第二話 装備
「……は?」
鏡に映る絶世の美少女に、刃は半ば予想はしていたが思わず呟いた。もしかしたら女寄りになっているのかな?と思って居たのだが、目の前に映る自分は女寄りなどではない。もはや女そのものだ。
「下は……付いてるよな……」
もしかしたらこの肉体は女だったのかも知れないと、男にあるべきモノを確認する。そこにはきちんと男の象徴的モノがついており、それにホッと安心する刃だが、じゃあこれは何だと鏡に映る自分の顔を凝視する。
「……可愛くはある……が」
自分の顔ながら惚れ惚れしそうになる。これは決して刃がナルシストだったからでは無く、ただ単純に鏡に映るその顔が美しかったからだ。
「もっとカッコイイのを期待していたんだが……な」
刃としては異世界に転生したなら是非ハーレムを、と思っていたのだがこの顔では寄ってくるのは男だけだろうと思う刃。
ちなみに、魔王時代にハーレムじゃ無かったと言えば嘘になる。だが、そのほとんどが人外で、ただ魔王たる刃の力に心を奪われただけの存在。そんなのは刃が求めるハーレムでは無かった。
もっとも、その中の人外には人間そっくりの魔族が居たので色々と楽しんではいたのだが。
「しかし、何で男の体なのにこんな女の顔なんだ?」
『それは多分、ミレーナ様の魂に会う肉体を創ろうとした際、無意識に女寄りになってしまったからでは?』
独り言のように言った疑問にゼールが答える。
(なるほど、絵は描いた人に似ると言うがそれと似たようなものか)
学校の美術の時間に先生が言っていたような……。おぼろげではあるがそんな事を思い出す刃。
「それに、この体に転生した以上はもうどうしようもないか……諦めよう」
もちろん、ハーレムは期待していたがそんな事は出来たらいいな、くらいの願望だったので刃は早々に諦める。

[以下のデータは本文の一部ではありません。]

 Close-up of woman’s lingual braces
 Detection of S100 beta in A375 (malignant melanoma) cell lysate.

「さて、気になってた事も分かったし、身支度をするか」
鏡を見ていた時は顔しか見ていなかった為気付かなかったが、刃は自分が下着しか来ていない事に気付き、早々に着替えを捜す。別に誰かが来るとかそういう事は無い筈なのだが、それでもこの格好には思うところがあった。

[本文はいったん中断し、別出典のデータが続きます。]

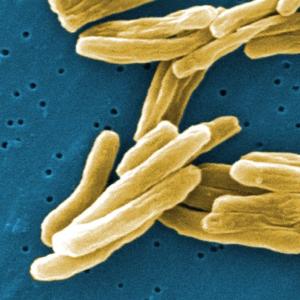 Saskatchewan has some of the highest tuberculosis rates in the country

はたから見たら下着姿の超絶美少女が仁王立ちで鏡を見ているという風景だ。無理もない。
「ふむ、この防具は?」
ズボンとシャツを着た刃は一つの防具に目がとまった。それは純白のハーフプレートで、傷一つない美しい物だ。もはや防具と言うより美術品と言った方が良いかもしれない。
『それはたしか、ホワイトプリズムと呼ばれる防具だったと思います。素材はこの世界でもっとも超硬質、超軽量の天然鉱石、アダマンタイトと伝説のドラゴン、ウムガルナの鱗を砕いて混ぜた物で、特殊効果としては魔力を流す事によって体の表面に不可視の防護膜を張り、防御力を高める、魔法攻撃などを打ち消す、または反射させる事が出来るものだったかと』
「なんだそのチート防具は」
流石は神の使用する防具と言うべきか、その性能は破格と言うかもはやチートと呼べるものだった。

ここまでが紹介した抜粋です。